*** Opening Supplied material ***

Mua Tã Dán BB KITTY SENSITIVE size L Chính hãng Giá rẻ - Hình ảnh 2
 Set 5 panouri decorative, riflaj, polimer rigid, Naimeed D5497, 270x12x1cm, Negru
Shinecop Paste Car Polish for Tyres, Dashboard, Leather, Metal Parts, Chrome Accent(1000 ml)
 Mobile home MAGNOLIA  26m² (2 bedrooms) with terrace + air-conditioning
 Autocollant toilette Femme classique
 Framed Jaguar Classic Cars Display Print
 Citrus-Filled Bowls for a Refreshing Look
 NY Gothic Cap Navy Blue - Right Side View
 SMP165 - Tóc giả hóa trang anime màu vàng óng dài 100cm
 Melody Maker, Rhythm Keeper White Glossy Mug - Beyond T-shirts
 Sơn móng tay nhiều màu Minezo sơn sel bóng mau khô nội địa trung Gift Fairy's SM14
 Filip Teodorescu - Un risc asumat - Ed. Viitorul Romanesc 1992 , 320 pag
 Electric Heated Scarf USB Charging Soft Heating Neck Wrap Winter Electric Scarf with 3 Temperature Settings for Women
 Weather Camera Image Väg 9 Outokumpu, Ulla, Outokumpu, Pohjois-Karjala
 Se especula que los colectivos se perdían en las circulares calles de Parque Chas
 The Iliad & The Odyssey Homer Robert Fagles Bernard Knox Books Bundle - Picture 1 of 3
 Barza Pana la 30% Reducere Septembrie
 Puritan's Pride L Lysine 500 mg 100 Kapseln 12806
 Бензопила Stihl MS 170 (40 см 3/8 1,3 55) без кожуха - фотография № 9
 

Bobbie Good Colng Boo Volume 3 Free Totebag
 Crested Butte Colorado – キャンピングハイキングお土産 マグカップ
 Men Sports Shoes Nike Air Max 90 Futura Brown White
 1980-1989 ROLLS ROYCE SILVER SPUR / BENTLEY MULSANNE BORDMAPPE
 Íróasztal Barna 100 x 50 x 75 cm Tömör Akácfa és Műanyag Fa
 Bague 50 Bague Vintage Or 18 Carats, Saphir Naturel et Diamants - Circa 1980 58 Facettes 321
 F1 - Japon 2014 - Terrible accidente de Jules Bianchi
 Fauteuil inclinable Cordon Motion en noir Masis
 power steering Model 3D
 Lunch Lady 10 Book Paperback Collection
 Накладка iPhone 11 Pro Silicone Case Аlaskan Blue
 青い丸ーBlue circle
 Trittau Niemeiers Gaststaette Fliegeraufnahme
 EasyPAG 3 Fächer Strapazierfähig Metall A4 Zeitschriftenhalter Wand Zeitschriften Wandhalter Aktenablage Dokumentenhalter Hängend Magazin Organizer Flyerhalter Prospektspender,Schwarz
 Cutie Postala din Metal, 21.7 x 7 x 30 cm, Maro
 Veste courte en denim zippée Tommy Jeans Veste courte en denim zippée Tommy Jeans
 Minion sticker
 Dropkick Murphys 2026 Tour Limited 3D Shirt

*** Closing Supplied material ***

Scan the data above and copy each line containing the word "with".

Task output -
 Mobile home MAGNOLIA  26m² (2 bedrooms) with terrace + air-conditioning
 Electric Heated Scarf USB Charging Soft Heating Neck Wrap Winter Electric Scarf with 3 Temperature Settings for Women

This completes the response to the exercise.